Des centaines d'ouvrages érudits ont tenté de percer son énigme. De grands experts ont planché sur la question, dont le plus savant de tous était Diego Clemencin, grammairien, qui a réalisé une fastueuse étude où il a passé l'œuvre de Cervantès au film de son immense savoir. Il en a déduit que malgré tout le respect qu'il devait au grand écrivain espagnol, son œuvre présentait des imperfections et beaucoup de fautes. Fautes d'orthographes, fautes de sémantique, fautes de grammaire… Et qu'assurément, Don Quichotte méritait d'être révisé, corrigé par le professeur qui se fait fort d'améliorer ce que l'écrivain défaillant aurait négligé. Il en a résulté une révision du texte original, une modernisation diront certains, au nom de la conformité conventionnelle dont l'universitaire se portait garant.

J'ai eu la chance de lire Don Quichotte dans une édition antérieure à celle que le brave chercheur avait liophylisée et j'ai eu recours — miracle des bibliothèques bien pourvues — à une édition fac similée de l'original de 1605 et de 1610. Pour suivre le texte de Cervantès au mieux, j'ai également pris sa traduction éditée chez Flammarion de Louis Viardot. C'était en Espagne, en 1987. Dans la maison de l'écrivain Dominique Aubier, bien connue pour ses travaux portant sur Don Quichotte.

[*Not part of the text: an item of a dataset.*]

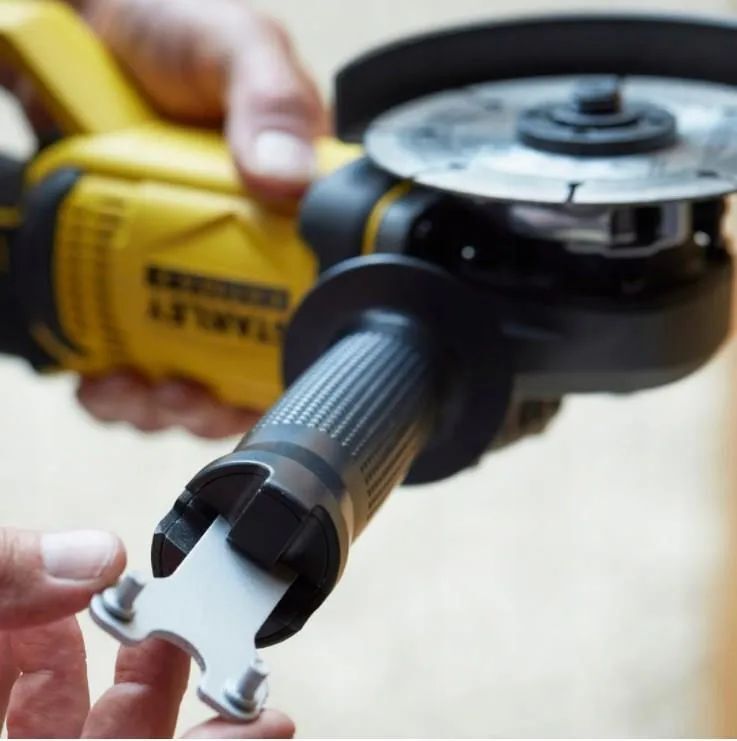 Угловая шлифовальная машина Stanley Fatmax 18V V20 SFMCG400M2KQW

Elle m'avait recommandé, pour m'intégrer au mieux dans le petit village où elle résidait, d'apprendre la langue. Et pour cela, d'aller si possible vers les gens, leur parler. Et en même temps, lire des textes en espagnol. Et quel autre texte pouvais-je bien lire si ce n'est Don Quichotte, Bible des Espagnols ?
Je me suis lancé : bien sûr, au début, c'était le vertige. Plonger dans une langue étrangère dont il fallait, à chaque mot vérifier le sens dans le dictionnaire… Dominique Aubier me conseilla d'utiliser le dictionnaire usuel Larousse. Mais aussi de consulter le "Covarubias" : dictionnaire bizarre édité du temps de Cervantès qui collationne les mots espagnols tout en indiquant leur étymologie arabe ou hébraïque, et dont les définitions n'étaient pas toujours très rationnelles, renvoyant à des références bibliques. Etrange grimoire que ce lexique plein de mots espagnols anciens, ne figurant pas dans le Larousse ! Tout cela pour me faire comprendre que l'écriture de Cervantès n'était peut-être pas tout à fait indexée sur les modalités de pensée de notre rationalité analytique.
Et puis, j'étais à Carboneras. Petite ville en bord de mer, à 70 kilomètres d'Alméria. Ici, je me rendais bien compte que je n'étais pas dans un lieu tout à fait "normal", dans le sens où la normalitude aplatit la pensée sur une planche à repasser pour que tout tombe bien dans les plis.
J'eus le privilège d'habiter dans la maison de Dominique Aubier, aux côtés de celle qui avait fait de Don Quichotte son maître à penser. Don Quichotte, pour elle, n'était pas une "figure de rhétorique littéraire". Ce n'était pas un "exercice universitaire" de philologie ou de sémantique. Ni une curiosité touristique. Don Quichotte représentait un art de vivre. Un art de penser. Que tout un chacun pouvait adopter. Elle avait en quelque sorte "quichottisé" son existence pour calquer son mode de vie sur le référentiel quichottien !
Et je débarquais là, avec ma raison raisonnante. Avec mes conceptions et techniques de lecture apprises à la "fac". Diplômes en poche et certitude qu'avec le filtre de la pensée inculquée dans les instituts contrôlés par le ministère de l'Education, tout deviendrait clair et lisible.
Mais Don Quichotte — le vrai — m'attendait : la première leçon qu'il m'infligea fut une séance de décapage mental. Il fallait plonger dans la chaux vive et écorcher le petit singe savant. Et Dieu sait que le fauve se débattait. Pour moi, il n'était pas question de penser autrement qu'en jurant par le socialisme mitterrandien. Liberté de penser, liberté d'expression : valeurs sacro-saintes au nom desquelles j'acceptais volontiers la folie quichottienne, car après tout, la folie est permise. Mais de là à concevoir que cela puisse constituer un mode de vie ?

Semaine après semaine…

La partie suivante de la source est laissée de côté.